What the exercise asks - Copy task. Retype the whole listing exactly, omitting any picture in it.

Data provided -
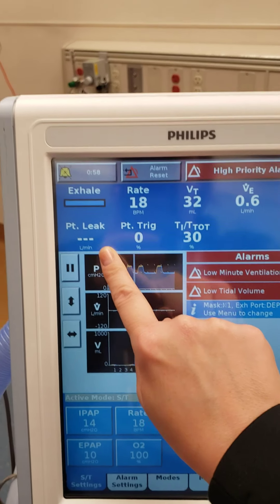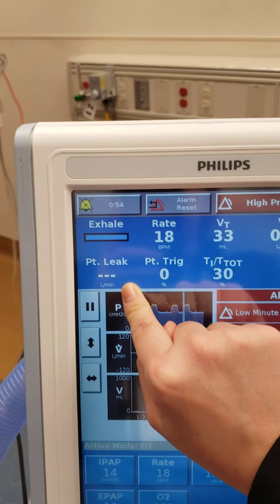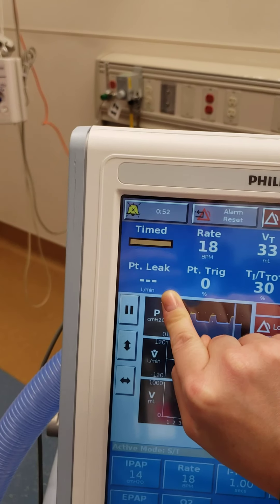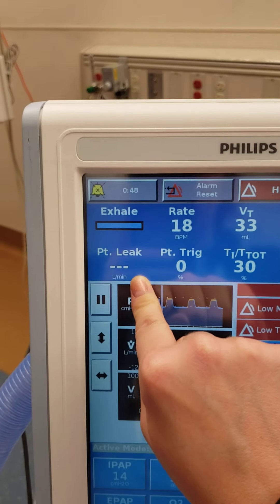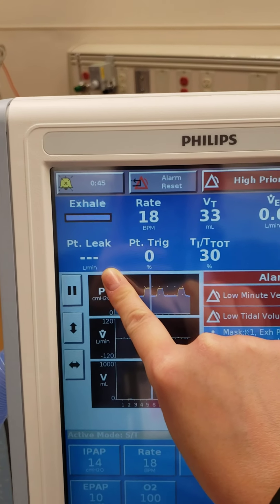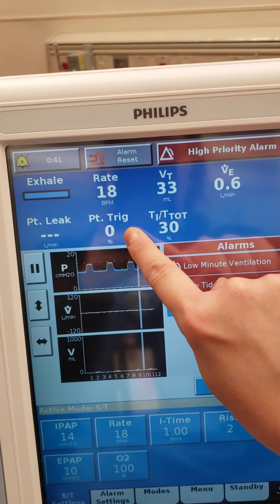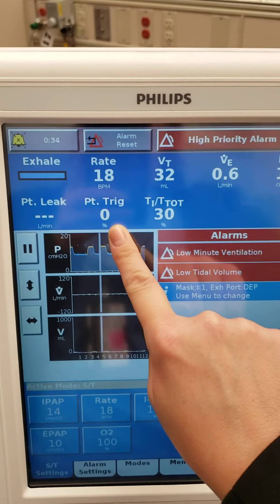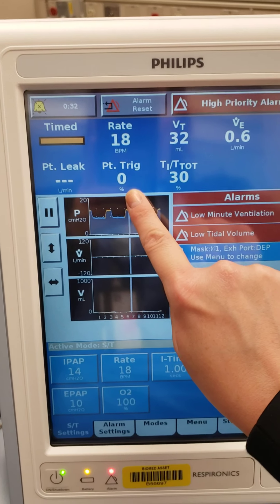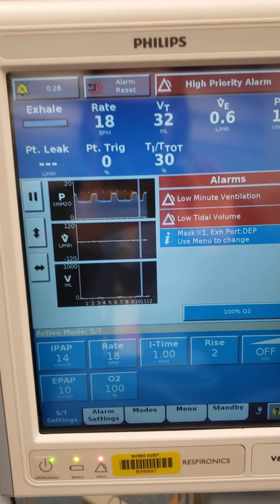The leak — different things can affect leaks, such as how the patient's wearing the mask, the fit of the mask, the size of the mask, and other things such as potential facial trauma. Most commonly what you'll see is facial hair. This is the percent of the patient triggered — right now our patient isn't breathing at all because we don't have a patient.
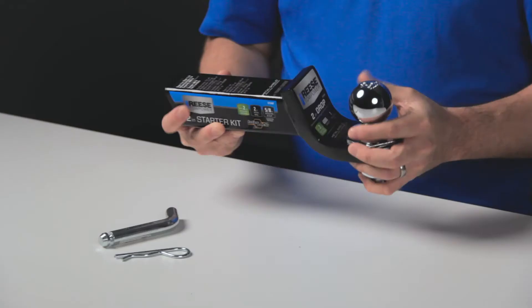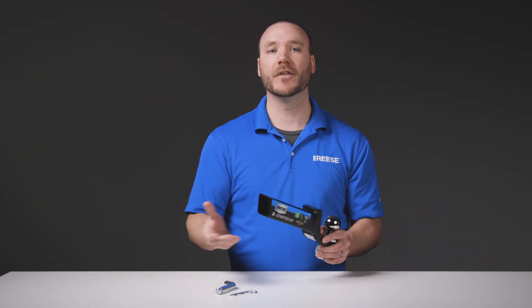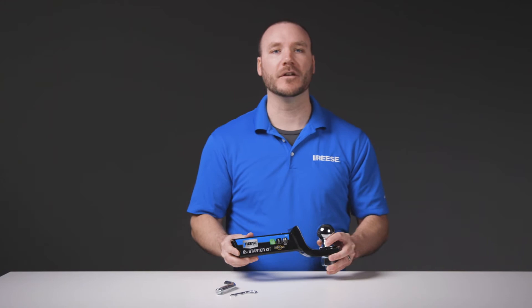This ball mount is designed to fit 2 inch trailer hitch receivers, features a welded construction from steel, and includes our metal shield finish for superior resistance to rust and corrosion. To make things even more convenient, it features an angled cut to make inserting and removing the ball mount from the trailer hitch receiver simple and easy.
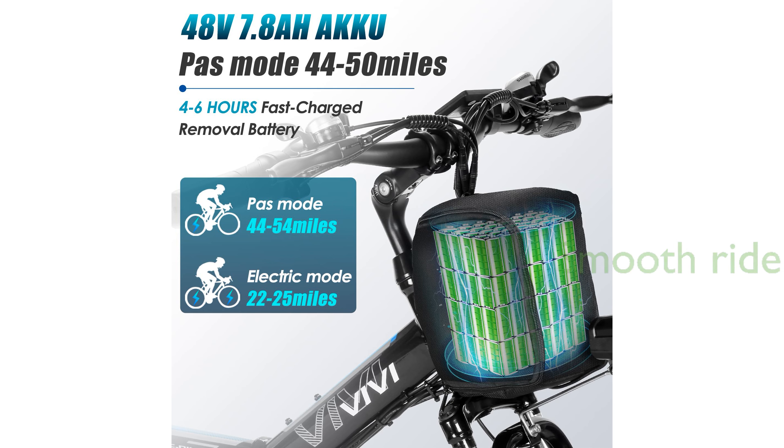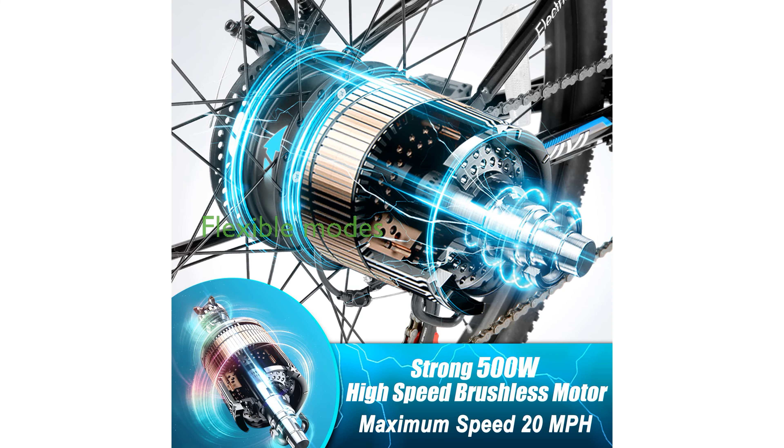With its professional 21-speed transmission system and dual shock absorbers, the Vivi M026TGB provides a smooth and comfortable ride on various terrains, from city streets to rugged hillsides.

Output of the task -
The leak — different things can affect leaks, such as how the patient's wearing the mask, the fit of the mask, the size of the mask, and other things such as potential facial trauma. Most commonly what you'll see is facial hair. This is the percent of the patient triggered — right now our patient isn't breathing at all because we don't have a patient.
This ball mount is designed to fit 2 inch trailer hitch receivers, features a welded construction from steel, and includes our metal shield finish for superior resistance to rust and corrosion. To make things even more convenient, it features an angled cut to make inserting and removing the ball mount from the trailer hitch receiver simple and easy.
With its professional 21-speed transmission system and dual shock absorbers, the Vivi M026TGB provides a smooth and comfortable ride on various terrains, from city streets to rugged hillsides.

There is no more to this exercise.